Outlook There has been much (over) excited comment about the eurozone debt crisis in recent weeks, but yesterday came news that could tempt even some of the more phlegmatic analysts to reach for Prozac. Auctions of German Bunds are usually only of interest to anoraks but yesterday's sale – or rather, attempted sale – of a €6bn (£5bn) package of 10-year notes would have been only 65 per cent covered were it not for the intervention of the Bundesbank.
Investors, it seems, are no longer quite so keen on what was once the gold standard sovereign against which all others have been judged.
That gold is showing some ugly tarnish, generated by the troubles of Germany's eurozone partners.
Germany is still a long way from having to pay the sort of interest that Italy, or even France or Belgium, have to for their borrowings.
But interestingly, the yields on Bunds are beginning to rise and fall in line with them.
And the cost of insuring German debt against default has now risen to 107 per cent of the cost of insuring UK gilts.

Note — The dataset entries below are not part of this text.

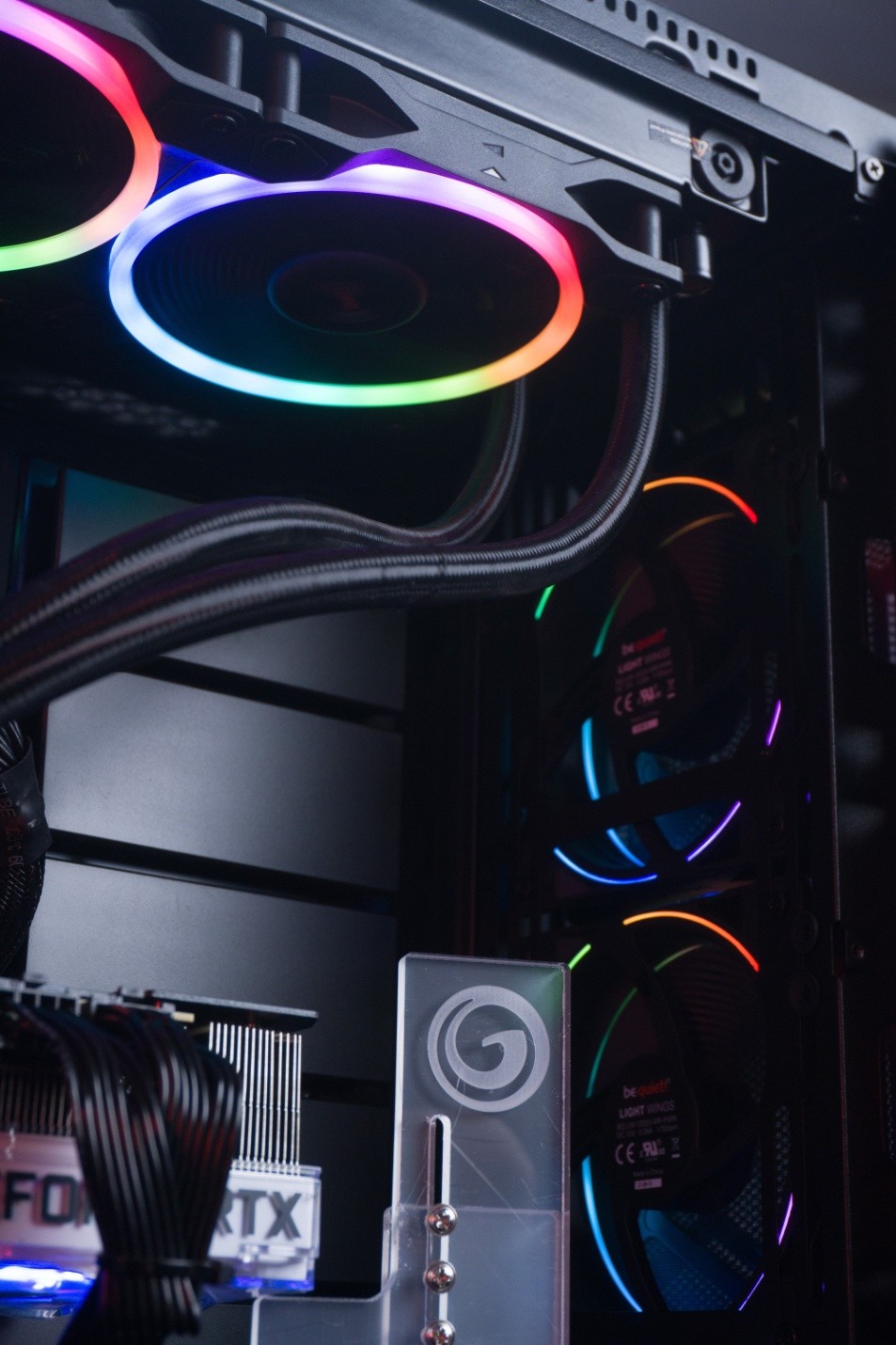 1000块6把风扇，是什么样的体验？德静界LightWings装机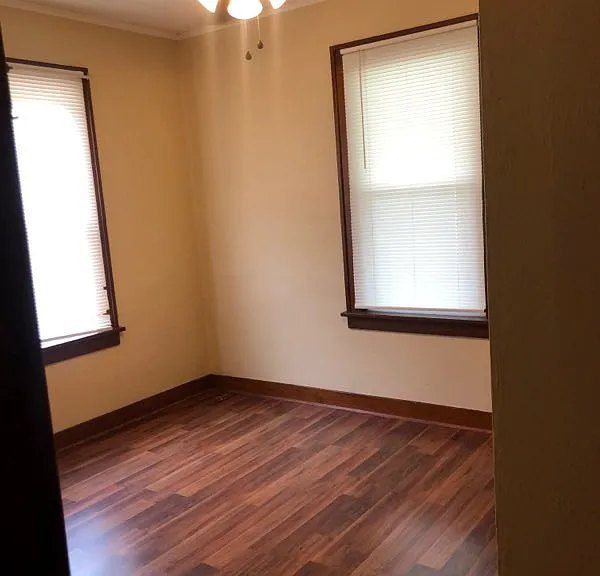 313 W South St — Photo 9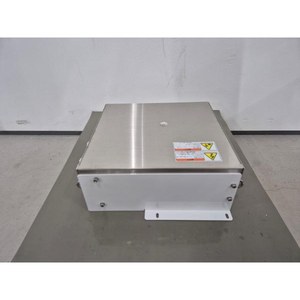 Unidad de Control de Robot Kawasaki Heavy Industries 30D60F-A311 Usada Como Nueva, Piezas de Equipos Semiconductores Legados - Product Image 1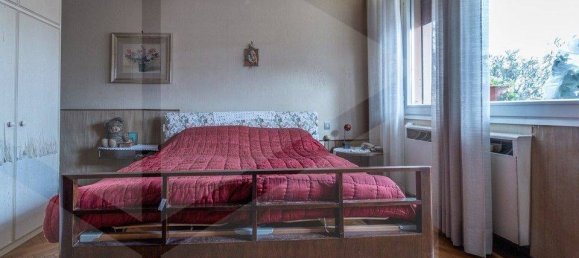 7 rooms Penthouse in Bologna, Italy No. 17487 9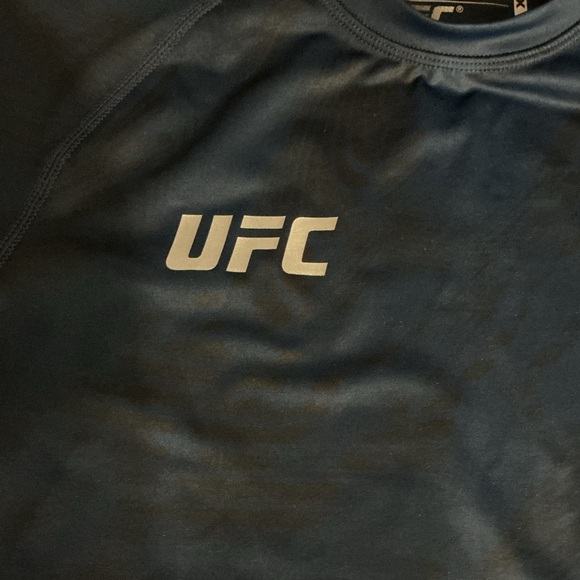 UFC Men’s Fusion Venus Authentic Fight Week Long Sleeve Rash guard Oceanic Blue - Picture 4 of 11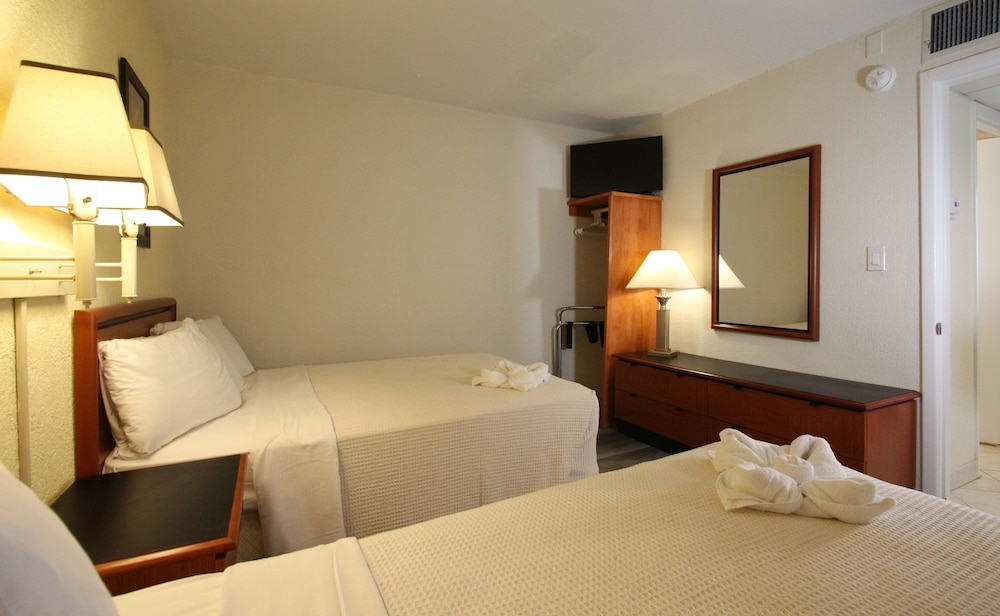 Crusader Oceanfront Resort and Restaurant 16/41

Not that this is any reason for the UK government to be patting itself on the back.
Gilts might appear attractive right now, but the foundations of the economy underneath them are anything but solid. Forecasts for growth are down and borrowings up.
Even if Britain's sterling-denominated Gilts look like the belles of the ball now, if our European partners fall off a cliff, we will be dragged down with them.
Interestingly, yesterday's Bund hiccup came on the same day that Jose Manuel Barroso, the president of the European Commission, unveiled a consultation on eurozone-wide eurobonds.
Germany is fiercely resisting them because of fears that they will be seen by Europe's "Club Med" as a means of indulging in more of the sort of behaviour that got the continent into this mess in the first place – at the Germans' ultimate expense.
That is understandable. However, it is increasingly becoming clear that the inaction of eurozone leaders – and that very much includes Germany's as well – is threatening to tip the euro off a precipice and plunge a knife into the heart of Germany's relative economic health.
Yesterday's Bund auction should be seen as yet another wake-up call. But it probably won't be.